ID Cards and T****ing

April 19th, 2004

The Register had a good, if slightly waffly article on ID cards and how they might fail, which was published a couple of weeks ago, but I’ve only just remembered to blog it. Also out is a bit on IDs this month’s Cryptogram by Bruce Schneier, which is even better - although US-based, it applies equally to us, and succinctly points out why they will not make us any more secure or safe. I recommend reading both if you’re interested in the topic.

Also the Reg today had a story on the t-word, which has (acording to my referer logs) prompted a flurry of people Googling for the term, and coming to this site looking for more information but just finding a comparatively dry blog entry. Sorry. Feel free to look around though, there’s other fun stuff here…

6 Responses to “ID Cards and T****ing”

  1. Armand Says:

    I was talking to someone about ID cards the other day. The principle of them doesn’t offend me in any way - (a) as a Malaysian citizen I already carry a National ID card (with biometric data stored on it) and (b) if people really wanted to track me, they could do it by a plethora of other means: my credit card spending, for instance.

    What I’ll be interested to see is whether SmartCard technology will integrate with Mobile technology; the ultimate convergence device, the device which more than 3 in 4 brits carry anyway, is the mobile phone. You could easily slap on a biometric reader and build decent security protocols onto a smartphone, they’re already virtually unstealable thanks to UK and soon pan-European IMEI blocking services.

  2. tom Says:

    Why stop there? I was talking about this with Quentin Stafford-Fraser when I interviewed him some months ago.

    As far as phones go, theres’s no need for fancy triangulation and surveillence systems; every time you move between cells, becasue of the need for your call to be switched from one frequency to another, your position is known very precisely. It would be possible to determince not only where you were, but, say, where you’d been, who you were calling when you were there, and if you were speeding. And, indeed, if you were speaking on the phone whilst driving.

    And, while tracing credit cards is a piece of piss, he pointed out that image scanning technology is sufficiently advanced now that it would be neither (over) complex nor (over) expensive to scan the serial number of every banknote removed from an ATM. And if, for example, those two £20 notes you took out this morning are found in the pocket of a drug dealer that night…
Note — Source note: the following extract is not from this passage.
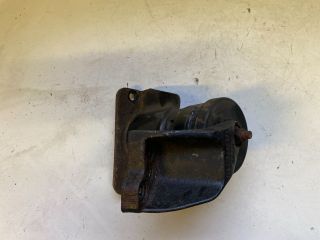 bontott SUZUKI SWIFT III Motor Tartó Bak Jobb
    The point about all this was not to indulge in paranoid fear of The Man (though I have just watched Enemy of the State again tonight), but to point out how it’s not the amount of information that can be gathered which is the problem, as some civil liberty campaigners sometime appear to think, but the protections that come with the information gathering ability. That rights should be legislated for in step with advancing technology; that the access to information should run both ways (bosses cannot spy on workers without workers being able to spy on bosses); that there should not be unequal social distribution of access to privacy, and nor should the sacrafices required for extra privacy be such as to effectively force compliance.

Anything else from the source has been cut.